● **Exercise data**
▼▼▼
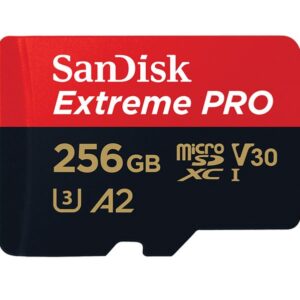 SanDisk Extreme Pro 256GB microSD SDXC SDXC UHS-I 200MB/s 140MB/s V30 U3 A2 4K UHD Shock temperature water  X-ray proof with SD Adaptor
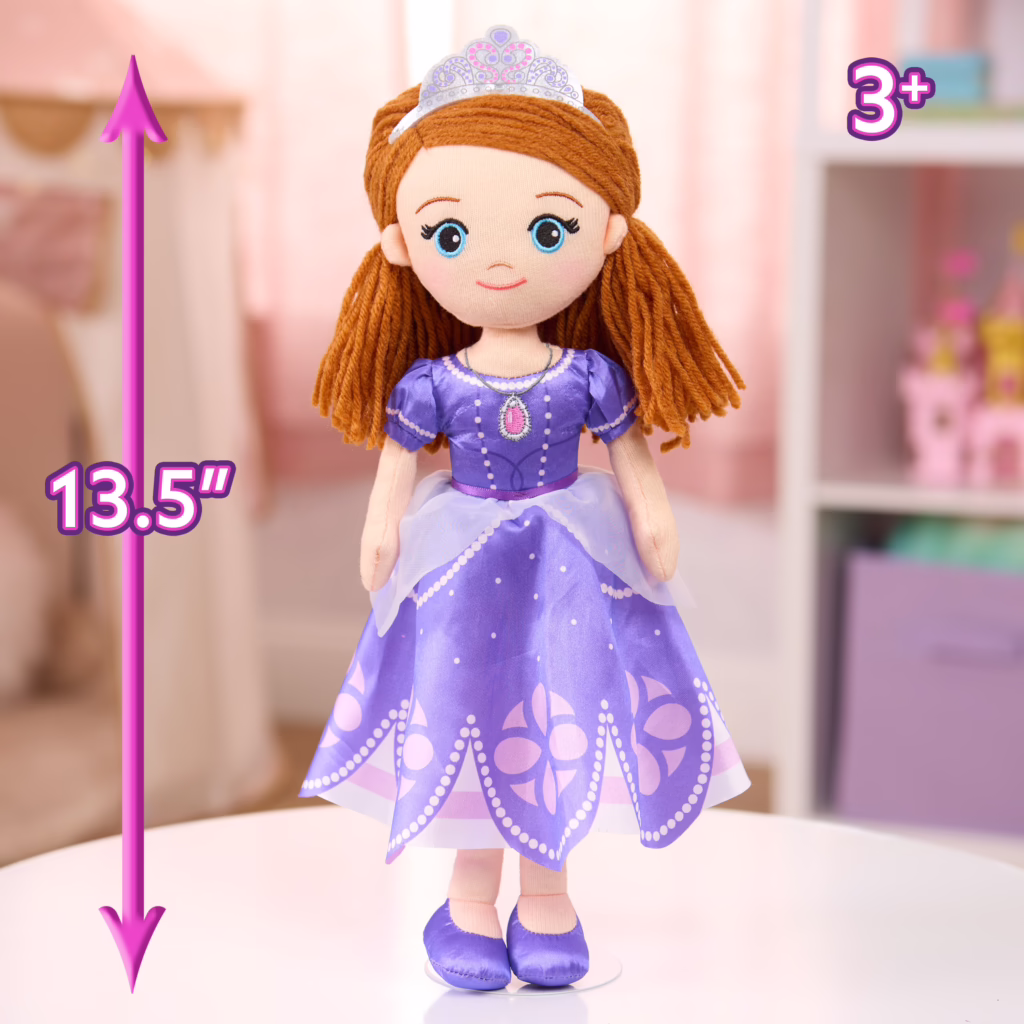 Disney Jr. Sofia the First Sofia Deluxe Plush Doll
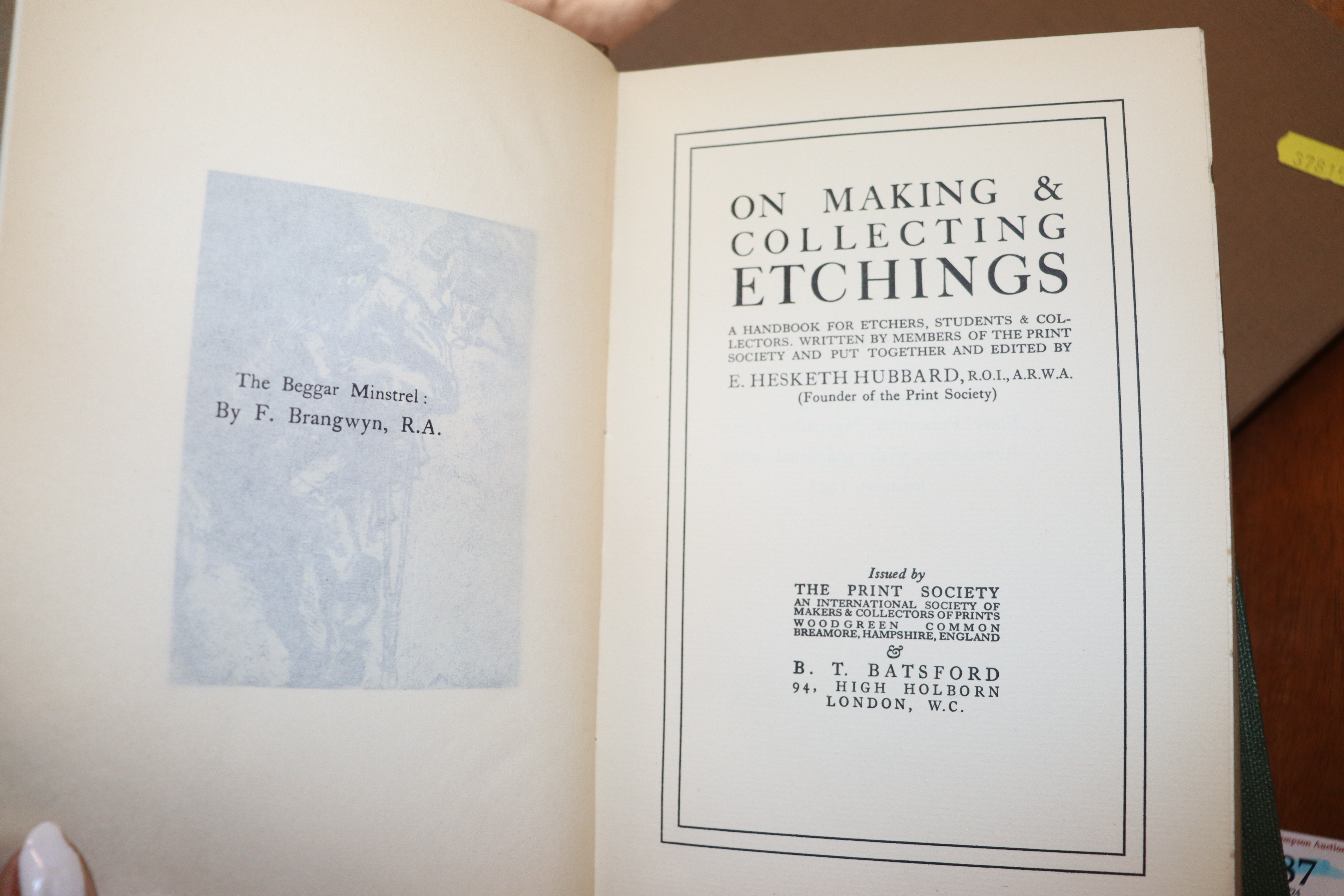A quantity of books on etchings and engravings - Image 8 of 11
▲▲▲
Print the whole listing exactly. No pictures belong in the copy.

 SanDisk Extreme Pro 256GB microSD SDXC SDXC UHS-I 200MB/s 140MB/s V30 U3 A2 4K UHD Shock temperature water  X-ray proof with SD Adaptor
 Disney Jr. Sofia the First Sofia Deluxe Plush Doll
A quantity of books on etchings and engravings - Image 8 of 11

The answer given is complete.